La tolérance est une idée sympathique, dont l’histoire est à retrouver. Avant même d’être dominante, l’Eglise catholique théorise son intolérance avec Saint Augustin. Confronté à l’hérésie donatiste, l’évêque d’Hippone justifie la répression des hérétiques en affirmant qu’il ne faut pas considérer la contrainte en elle-même, mais selon son intention : il est bon de contraindre à rejeter l’erreur et à rechercher la vérité… catholique. Cette argumentation est contestée à l’aube de la modernité et l’édit de tolérance voulu par Henri IV et les Politiques est un admirable progrès puisqu’il met fin aux guerres de Religion. Cependant, l’édit de Nantes assure l’égalité aux emplois des catholiques et des protestants mais pas l’égalité entre les religions.

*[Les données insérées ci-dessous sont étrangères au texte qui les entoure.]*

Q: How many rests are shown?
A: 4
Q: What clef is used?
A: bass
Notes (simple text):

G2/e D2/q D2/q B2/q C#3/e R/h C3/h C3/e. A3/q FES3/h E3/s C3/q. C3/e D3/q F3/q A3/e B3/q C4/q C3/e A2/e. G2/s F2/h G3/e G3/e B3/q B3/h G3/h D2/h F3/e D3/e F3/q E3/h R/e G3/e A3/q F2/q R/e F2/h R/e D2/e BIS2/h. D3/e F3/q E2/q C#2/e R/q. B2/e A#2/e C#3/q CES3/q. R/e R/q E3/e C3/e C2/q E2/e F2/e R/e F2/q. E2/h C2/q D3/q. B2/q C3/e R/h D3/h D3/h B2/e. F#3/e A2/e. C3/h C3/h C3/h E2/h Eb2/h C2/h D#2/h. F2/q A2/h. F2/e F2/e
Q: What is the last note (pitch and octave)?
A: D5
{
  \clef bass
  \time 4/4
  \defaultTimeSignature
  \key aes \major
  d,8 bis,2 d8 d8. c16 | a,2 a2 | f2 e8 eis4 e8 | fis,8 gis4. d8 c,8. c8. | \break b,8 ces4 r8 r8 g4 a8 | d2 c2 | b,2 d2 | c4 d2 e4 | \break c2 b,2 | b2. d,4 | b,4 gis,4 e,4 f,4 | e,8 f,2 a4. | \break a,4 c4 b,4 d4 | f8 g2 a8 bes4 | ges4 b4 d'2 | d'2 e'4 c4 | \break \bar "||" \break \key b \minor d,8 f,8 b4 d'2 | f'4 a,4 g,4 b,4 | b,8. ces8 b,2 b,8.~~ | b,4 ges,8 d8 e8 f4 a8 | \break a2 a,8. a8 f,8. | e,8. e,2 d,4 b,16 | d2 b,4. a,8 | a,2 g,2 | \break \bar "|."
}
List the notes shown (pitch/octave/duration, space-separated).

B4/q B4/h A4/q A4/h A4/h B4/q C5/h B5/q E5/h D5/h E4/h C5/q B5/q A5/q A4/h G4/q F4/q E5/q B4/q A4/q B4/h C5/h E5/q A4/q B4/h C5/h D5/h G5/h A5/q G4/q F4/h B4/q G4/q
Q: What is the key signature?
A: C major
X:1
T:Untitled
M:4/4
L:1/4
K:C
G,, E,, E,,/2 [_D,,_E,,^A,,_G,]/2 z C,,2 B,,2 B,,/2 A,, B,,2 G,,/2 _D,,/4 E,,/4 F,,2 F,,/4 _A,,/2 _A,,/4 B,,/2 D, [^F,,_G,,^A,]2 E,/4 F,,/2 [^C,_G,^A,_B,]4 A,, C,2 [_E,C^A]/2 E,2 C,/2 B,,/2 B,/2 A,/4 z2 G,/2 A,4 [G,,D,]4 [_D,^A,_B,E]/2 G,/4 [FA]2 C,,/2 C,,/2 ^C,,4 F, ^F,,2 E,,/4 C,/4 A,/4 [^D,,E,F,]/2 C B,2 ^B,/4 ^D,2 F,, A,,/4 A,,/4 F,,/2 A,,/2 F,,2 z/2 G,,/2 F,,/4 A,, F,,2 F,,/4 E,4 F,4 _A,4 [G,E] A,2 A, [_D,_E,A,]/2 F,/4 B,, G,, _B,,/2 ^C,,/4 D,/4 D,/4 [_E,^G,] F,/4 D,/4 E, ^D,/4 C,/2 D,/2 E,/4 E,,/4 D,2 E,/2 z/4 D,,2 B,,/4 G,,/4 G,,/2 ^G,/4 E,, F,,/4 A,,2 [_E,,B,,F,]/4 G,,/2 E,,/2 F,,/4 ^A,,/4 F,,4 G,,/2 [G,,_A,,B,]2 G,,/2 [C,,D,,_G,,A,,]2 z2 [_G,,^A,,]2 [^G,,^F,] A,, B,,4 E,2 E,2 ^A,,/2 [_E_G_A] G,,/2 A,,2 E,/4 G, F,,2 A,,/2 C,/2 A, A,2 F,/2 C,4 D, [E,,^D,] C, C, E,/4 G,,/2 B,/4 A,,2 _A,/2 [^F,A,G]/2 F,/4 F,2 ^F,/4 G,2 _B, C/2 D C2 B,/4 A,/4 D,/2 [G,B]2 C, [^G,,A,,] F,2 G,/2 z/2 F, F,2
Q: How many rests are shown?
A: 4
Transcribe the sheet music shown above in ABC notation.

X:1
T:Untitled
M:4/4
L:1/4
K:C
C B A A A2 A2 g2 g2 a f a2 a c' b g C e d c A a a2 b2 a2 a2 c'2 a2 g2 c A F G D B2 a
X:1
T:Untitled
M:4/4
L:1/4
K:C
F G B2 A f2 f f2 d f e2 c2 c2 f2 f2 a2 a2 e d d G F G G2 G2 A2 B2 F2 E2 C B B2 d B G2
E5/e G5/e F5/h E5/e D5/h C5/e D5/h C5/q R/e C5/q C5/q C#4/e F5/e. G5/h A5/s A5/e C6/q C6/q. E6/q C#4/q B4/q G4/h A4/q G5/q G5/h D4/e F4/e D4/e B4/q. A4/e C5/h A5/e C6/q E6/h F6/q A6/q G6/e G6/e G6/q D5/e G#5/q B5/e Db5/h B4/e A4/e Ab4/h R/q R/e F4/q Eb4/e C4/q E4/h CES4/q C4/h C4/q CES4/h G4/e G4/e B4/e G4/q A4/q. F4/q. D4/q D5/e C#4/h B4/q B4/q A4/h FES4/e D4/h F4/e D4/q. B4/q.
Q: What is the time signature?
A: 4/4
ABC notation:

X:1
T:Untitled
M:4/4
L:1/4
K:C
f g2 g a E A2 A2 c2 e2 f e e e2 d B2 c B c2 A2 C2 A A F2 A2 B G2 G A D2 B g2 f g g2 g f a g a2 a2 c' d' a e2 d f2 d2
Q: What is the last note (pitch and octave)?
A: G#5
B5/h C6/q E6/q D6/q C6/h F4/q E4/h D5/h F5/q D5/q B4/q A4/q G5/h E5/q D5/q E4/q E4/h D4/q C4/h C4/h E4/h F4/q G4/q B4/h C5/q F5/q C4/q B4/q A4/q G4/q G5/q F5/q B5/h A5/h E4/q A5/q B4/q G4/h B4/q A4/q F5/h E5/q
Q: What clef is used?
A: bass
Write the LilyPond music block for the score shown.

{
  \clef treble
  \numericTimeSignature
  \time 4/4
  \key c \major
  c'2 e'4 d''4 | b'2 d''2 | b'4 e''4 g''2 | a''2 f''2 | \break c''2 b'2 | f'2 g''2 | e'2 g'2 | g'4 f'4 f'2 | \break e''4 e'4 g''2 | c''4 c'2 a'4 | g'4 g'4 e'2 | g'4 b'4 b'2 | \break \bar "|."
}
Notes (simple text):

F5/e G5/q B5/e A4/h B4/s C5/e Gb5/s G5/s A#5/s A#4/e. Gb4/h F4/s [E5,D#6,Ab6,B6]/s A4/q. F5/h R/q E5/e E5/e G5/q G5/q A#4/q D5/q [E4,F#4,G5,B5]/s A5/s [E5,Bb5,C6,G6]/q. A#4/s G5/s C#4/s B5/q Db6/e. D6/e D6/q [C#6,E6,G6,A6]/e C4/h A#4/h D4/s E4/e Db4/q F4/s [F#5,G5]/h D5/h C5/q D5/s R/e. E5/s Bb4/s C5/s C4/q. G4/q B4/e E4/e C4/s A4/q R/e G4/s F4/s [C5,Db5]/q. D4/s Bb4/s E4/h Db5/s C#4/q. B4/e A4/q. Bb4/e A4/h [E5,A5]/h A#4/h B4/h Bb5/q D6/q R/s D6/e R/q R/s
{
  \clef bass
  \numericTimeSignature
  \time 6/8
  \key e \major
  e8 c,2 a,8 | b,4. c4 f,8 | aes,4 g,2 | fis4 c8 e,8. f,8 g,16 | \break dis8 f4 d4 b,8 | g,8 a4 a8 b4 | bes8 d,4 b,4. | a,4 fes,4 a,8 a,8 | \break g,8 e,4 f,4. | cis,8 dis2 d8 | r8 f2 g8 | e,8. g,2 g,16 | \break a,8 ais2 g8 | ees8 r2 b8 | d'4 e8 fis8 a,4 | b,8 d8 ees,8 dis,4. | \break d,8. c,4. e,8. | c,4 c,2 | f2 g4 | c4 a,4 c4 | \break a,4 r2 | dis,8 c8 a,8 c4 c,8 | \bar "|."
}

Après Bossuet dénonçant le “poison de la tolérance », après la désastreuse Révocation de l’édit de Nantes, il faut attendre Mirabeau pour que la tolérance, nécessité historique, soit révoquée au profit de la liberté de conscience pour cette simple et bonne raison que “l’autorité qui tolère pourrait ne pas tolérer”. Il faut que la liberté de conscience soit érigée en principe pour que l’autorité cesse d’invoquer les circonstances permettant d’excuser son action liberticide.

L’histoire de l’idée laïque mérite d’être sans cesse revisitée et approfondie. Lucien Jaume souligne que le concept de laïcité est explicite dès la Monarchie de Juillet. Ministre de Louis-Philippe, président du jury de l’agrégation de philosophie et référence majeure de l’Université pendant quatre-vingts ans, Victor Cousin défend un enseignement laïque de la philosophie afin qu’il “serve tous les cultes sans se mettre au service d’aucun en particulier” et François Guizot affirme que “L’Etat n’est pas athée, mais il est laïque”. En 1845, Victor Cousin précise que cet Etat laïque “n’est pas pour cela indifférent ou athée : il est essentiellement moral et religieux, puisque l’idée de justice sur laquelle il est fondé, est par elle-même sainte et sacrée”. Cette réflexion est de très longue portée : elle se trouve au cœur des débats lors de l’adoption des lois laïques.

On se souvient que la loi de 1882 porte sur “l’enseignement laïque de la morale” – et non sur l’enseignement d’une morale laïque – comme le précise Jules Ferry mais on néglige le rôle de Ferdinand Buisson, son conseiller qui rédige les instructions ministérielles : il s’agit d’éduquer le caractère par l’enseignement du bien selon la source judéo-chrétienne enrichie d’une philosophie d’Etat qui fait référence à Platon, Montaigne, Descartes, Kant et à l’école spiritualiste de Victor Cousin. Contre le laïcisme anti-religieux, Ferdinand Buisson affirme qu’il “reste à laïciser la religion, et non à la détruire […]. Elle n’a pas besoin du prêtre pour s’éprendre de l’idéal, pour adorer le beau et le bien, le vrai et le juste”. Pour lui, la laïcité, qui s’identifie à la démocratie, se situe dans la continuité du christianisme.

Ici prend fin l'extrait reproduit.